Hola Eileen

I have emailed your contact months ago but had no reply. I thank you for the help x

Sorry,  can you copy me the original. 

I have been confirmed with fibromyalgia and I am awaiting the next step

I contacted the email that you gave me and very grateful but had no reply x

My partner cannot cope with my problem, feeling so alone!, sorry x

I'm ok just forget it x

You can be helped, just go with what they say hun x

Thank u for your support but I think I'm lost at the moment x

Hi Graham, sorry I sound so pathetic

We've had it both ways,  my wife had breast cancer a few years ago and I cared for her down to administering injections and then this past year I have been dealt this blow and finding out last week that they have decided on fibromyalgia,  I felt lost as to how to help her back then and now it's the other way around.

At the moment I am a bit confused about everything as the Dr's have said they have no cure and very little to help so it's making me feel like it's all in my head. I fell and injured my neck, I have three prolapsed disc's to show for it but because my pain is in parts of my body that they say it shouldn't be then they won't treat my neck .

All confusing no matter how you look at it.
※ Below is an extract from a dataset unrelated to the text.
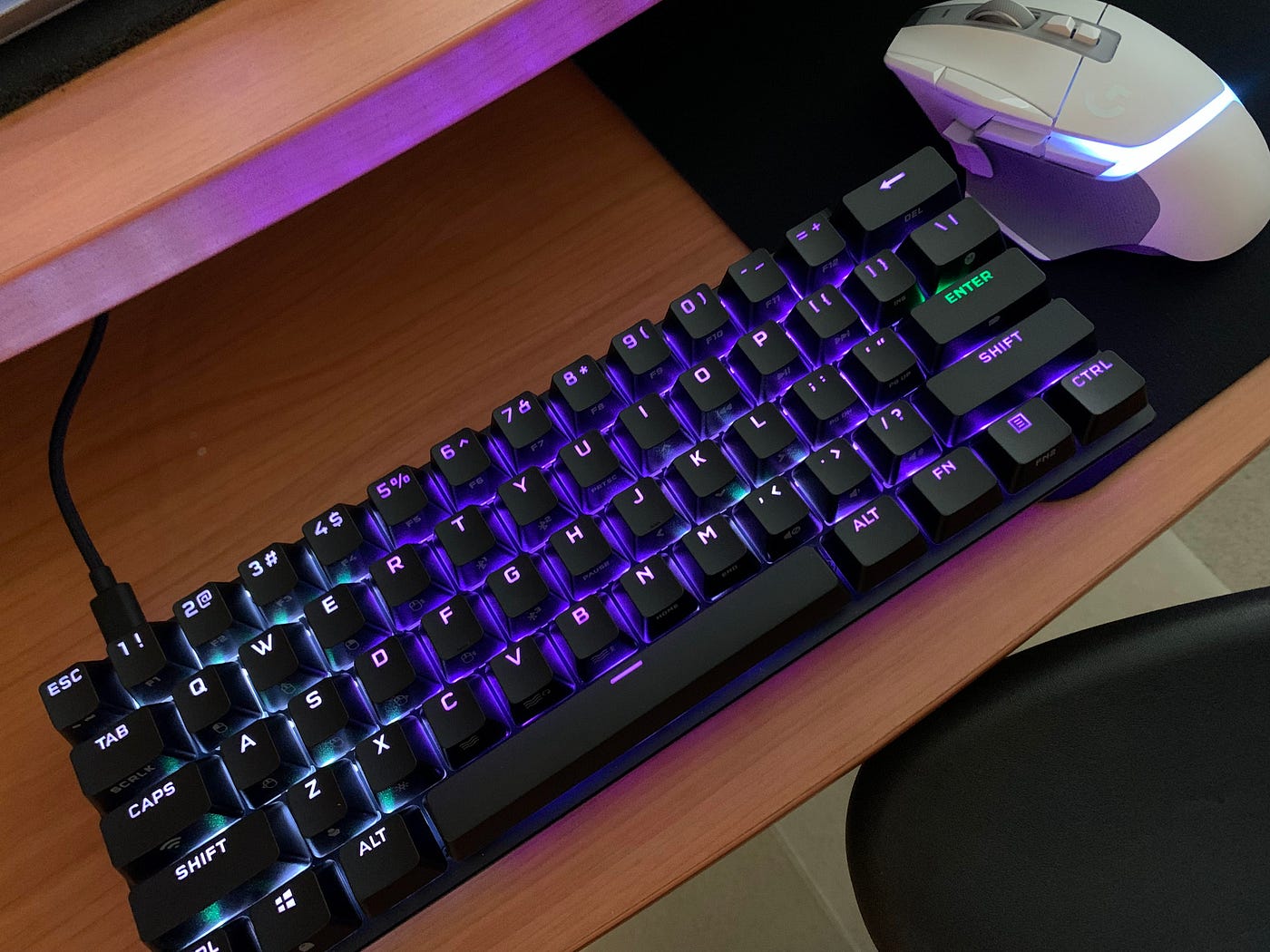 Corsair K70 Pro Mini Wireless Gaming Keyboard Review | by Alex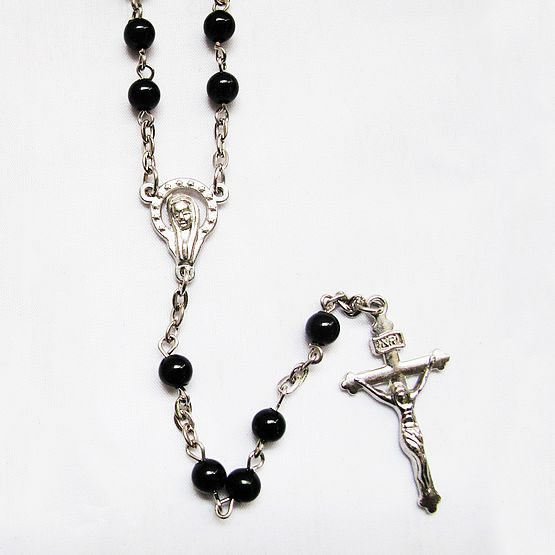 pearl beads rosary necklace,pearl beads rosary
Anyway be strong and I hope you can be strong for each other....

Sorry - I'm mystified by this thread. I'm afraid I don't remember the context - hardly surprising if it is months ago I think.

No problem, thank you xx

They may say they have no cure but that doesn't mean that there is not any. They can give you steroids which will help your pain and make you stronger to deal with what you have to. I wish you well

Hi Eileen, sorry if I have asked this before but because I have said that I want to come of pred, I have an apt next week for injection in my shoulder and at a later date injection in my hip. I'm ok with that but so u think this is the right way please xx

If you have PMR then oral longterm pred is the only answer I'm afraid. I know someone who is on injections of depot Medrol because she cannot take tablets because of gastric problems. It means an injection every few weeks. While I know she was doing OK to start with I don't know what has happened since. But pred is pred, whether it is as tablets or as injections.

If it is PMR then an injection may work for a few weeks but it won't have a lasting effect. If the shoulder/hip pain is bursitis rather than PMR the injections may work for longer. 

Do I think it is the right way? As I say, if it is really PMR, then probably not.

Ok, thank you. I no I am being stubborn. Went to see my Mum today, she is in the last stages, how much more can I cry. Anyway, there is nothing anyone can do. What I am having a problem with is listening  to  people who have no idea.  they think they have the worst problems in the world. Not saying I have but They are so abusive xx

I'm so sorry, there is nothing I can say and I can't even envisage what it is like as both my parents died in hours and I wasn't anywhere near. Dad was 49 and I was 17, my mother was 79 and wanted to go while she was still reasonably fit - she had heart failure. She worked at her voluntary coffee bar in the morning and was dead by midnight - on her terms and in no pain or fear.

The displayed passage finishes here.